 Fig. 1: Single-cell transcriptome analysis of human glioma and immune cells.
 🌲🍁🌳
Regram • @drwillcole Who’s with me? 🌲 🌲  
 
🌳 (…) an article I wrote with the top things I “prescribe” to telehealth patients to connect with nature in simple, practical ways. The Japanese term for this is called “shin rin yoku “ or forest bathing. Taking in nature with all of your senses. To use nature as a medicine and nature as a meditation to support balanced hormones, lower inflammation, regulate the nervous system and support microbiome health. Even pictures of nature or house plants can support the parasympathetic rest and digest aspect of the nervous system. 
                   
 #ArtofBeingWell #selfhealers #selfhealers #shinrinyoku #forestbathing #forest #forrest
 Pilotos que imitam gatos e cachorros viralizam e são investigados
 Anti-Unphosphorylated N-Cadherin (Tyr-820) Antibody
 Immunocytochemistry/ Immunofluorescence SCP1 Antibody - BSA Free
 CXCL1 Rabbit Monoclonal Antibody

• • •

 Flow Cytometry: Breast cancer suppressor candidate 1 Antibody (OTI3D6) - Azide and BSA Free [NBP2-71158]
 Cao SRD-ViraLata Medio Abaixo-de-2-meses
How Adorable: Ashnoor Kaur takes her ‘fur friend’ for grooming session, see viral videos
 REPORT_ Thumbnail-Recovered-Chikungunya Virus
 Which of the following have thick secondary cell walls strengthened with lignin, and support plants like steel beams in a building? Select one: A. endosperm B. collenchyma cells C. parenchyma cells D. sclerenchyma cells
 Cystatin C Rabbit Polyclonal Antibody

• • •

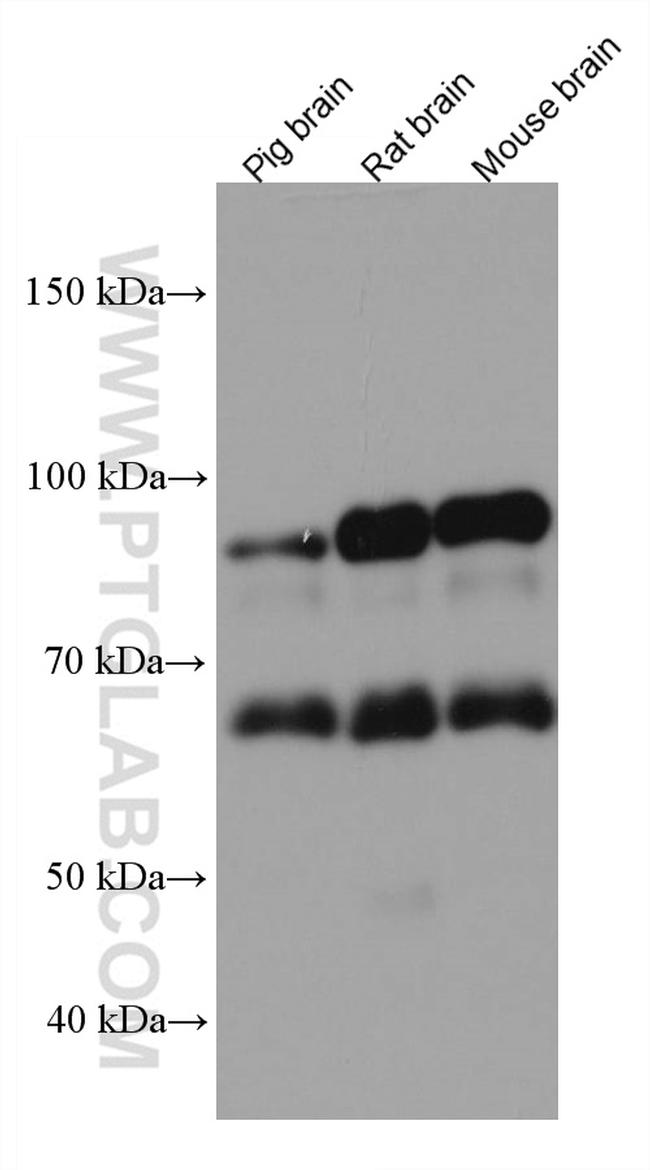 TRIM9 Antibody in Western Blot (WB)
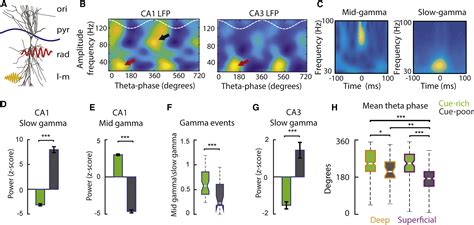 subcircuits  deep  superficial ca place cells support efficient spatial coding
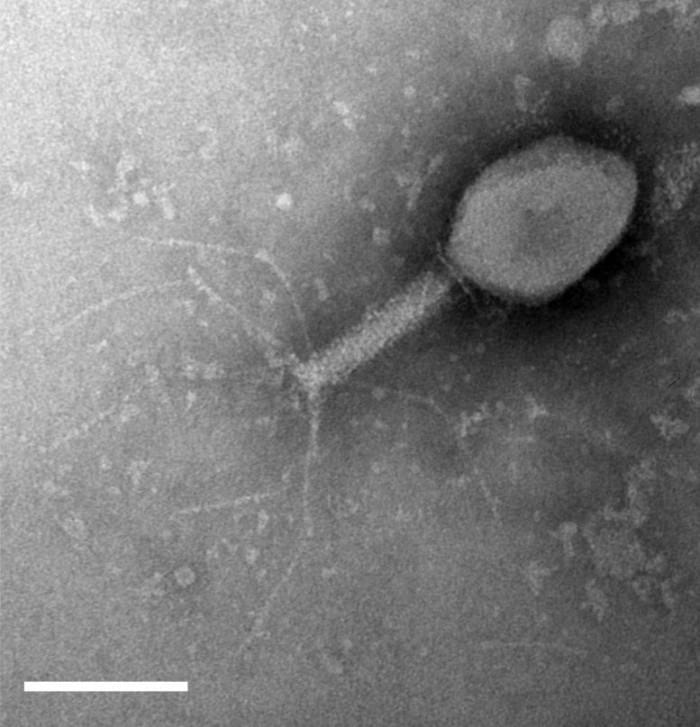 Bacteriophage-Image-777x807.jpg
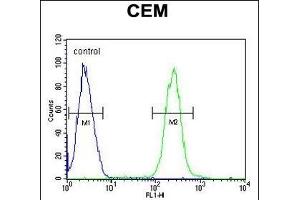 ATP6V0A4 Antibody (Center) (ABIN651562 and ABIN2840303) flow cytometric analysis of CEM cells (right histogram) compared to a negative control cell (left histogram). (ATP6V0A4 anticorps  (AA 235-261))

• • •

#### [THE TASK]
Reproduce, exactly as they stand in the data above, the lines from the one that holds "REPORT_ Thumbnail-Recovered-Chikungunya Virus" to the one that holds "Cystatin C Rabbit Polyclonal Antibody", inclusive.

#### [REPLY TO THE TASK]
 REPORT_ Thumbnail-Recovered-Chikungunya Virus
 Which of the following have thick secondary cell walls strengthened with lignin, and support plants like steel beams in a building? Select one: A. endosperm B. collenchyma cells C. parenchyma cells D. sclerenchyma cells
 Cystatin C Rabbit Polyclonal Antibody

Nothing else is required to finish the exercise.